Commodity Price Risk
Our major market risk exposure is in the pricing that we receive for our oil, natural gas, and NGLs production. Pricing for oil, natural gas, and NGLs has been volatile and unpredictable for several years, and this volatility is expected to continue in the future. The prices we receive for our oil, natural gas, and NGLs production depend on many factors outside of our control, such as the strength of the global economy and global supply and demand for the commodities we produce.
To reduce the impact of fluctuations in oil prices on our revenues, we periodically enter into commodity derivative contracts with respect to certain of our oil and natural gas production through various transactions that limit the downside of future prices received. We plan to continue our practice of entering into such transactions to reduce the impact of commodity price volatility on our cash flow from operations. Future transactions may include price swaps whereby we will receive a fixed price for our production and pay a variable market price to the contract counterparty. Additionally, we may enter into collars, whereby we receive the excess, if any, of the fixed floor over the floating rate or pay the excess, if any, of the floating rate over the fixed ceiling price. These hedging activities are intended to support oil prices at targeted levels and to manage our exposure to oil price fluctuations. We also use basis swap contracts to mitigate basis risk caused by the volatility of our basis differentials. The basis swap contracts establish the differential between Cushing WTI prices and the relevant price index at which oil production is sold. For a description of our open positions at September 30, 2015, see “Item 2. Management’s Discussion and Analysis of Financial Condition and Results of Operations—Overview—Sources of our Revenues.”
We do not require collateral from our counterparties for entering into derivative instruments, so in order to mitigate the credit risk associated with such derivative instruments, we enter into an International Swap Dealers Association master agreement (“ISDA Agreement”) with each of our counterparties. The ISDA Agreement is a standardized, bilateral contract between a given counterparty and us. Instead of treating each derivative transaction between the counterparty and us separately, the ISDA Agreement enables the counterparty and us to aggregate all trades under such agreement and treat them as a single agreement. This arrangement is intended to benefit us in two ways: (i) default by a counterparty under a single trade can trigger rights to terminate all trades with such counterparty that are subject to the ISDA Agreement; and (ii) netting of settlement amounts reduces our credit exposure to a given counterparty in the event of close-out.
As of September 30, 2015, the fair market value of our oil derivative contracts was a net asset of $72.8 million. Based on our open oil derivative positions at September 30, 2015, a 10% increase in the NYMEX WTI price would decrease our net oil derivative asset by approximately $19.5 million, while a 10% decrease in the NYMEX WTI price would increase our net oil derivative asset by approximately $23.9 million.
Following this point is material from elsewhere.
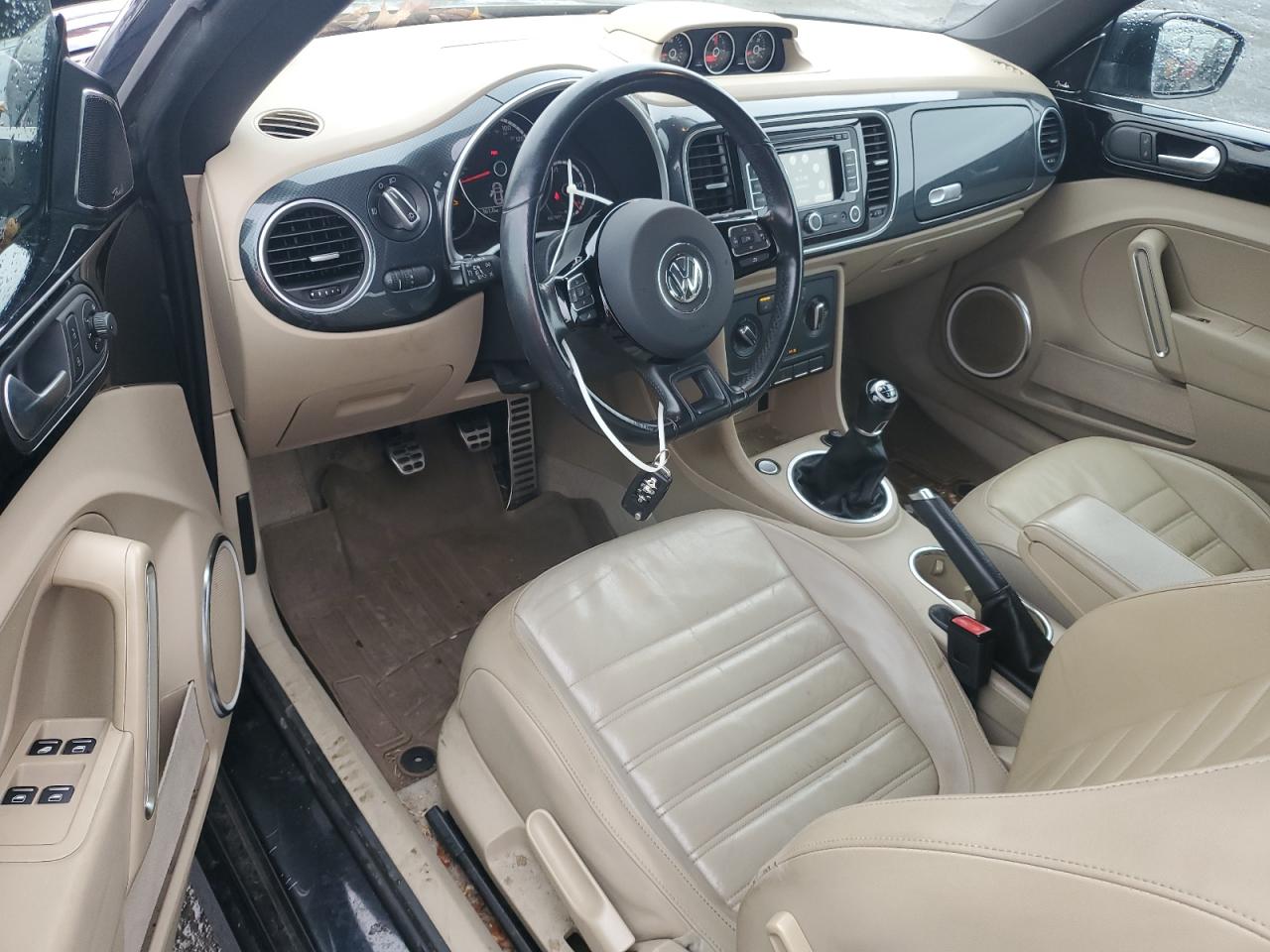 2013 Volkswagen Beetle Turbo VIN: 3VW8A7AT8DM817122 Lot: 92616395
As of September 30, 2015, the fair market value of our natural gas derivative contracts was a net asset of $0.4 million. Based upon our open commodity derivative positions at September 30, 2015, a 10% increase or decrease in the NYMEX HH price would have an immaterial impact on the value of the positions.
Counterparty Risk
Our derivative contracts expose us to credit risk in the event of nonperformance by counterparties. While we do not require our counterparties to our derivative contracts to post collateral, we do evaluate the credit standing of such counterparties. This evaluation includes reviewing a counterparty’s credit rating and latest financial information. We plan to continue to evaluate the credit standings of our counterparties in a similar manner. The majority of our derivative contracts currently in place are with lenders under our Revolving Credit Agreement, who have investment grade ratings.
Interest Rate Risk
Our market risk exposure related to changes in interest rates relates primarily to debt obligations. We are exposed to changes in interest rates as a result of our Revolving Credit Agreement, and the terms of our Revolving Credit Agreement require us to pay higher interest rate margins as we utilize a larger percentage of our available commitments. As of September 30, 2015, however, we had no outstanding borrowings related to our Revolving Credit Agreement, and therefore an increase in interest rates would not result in increased interest expense.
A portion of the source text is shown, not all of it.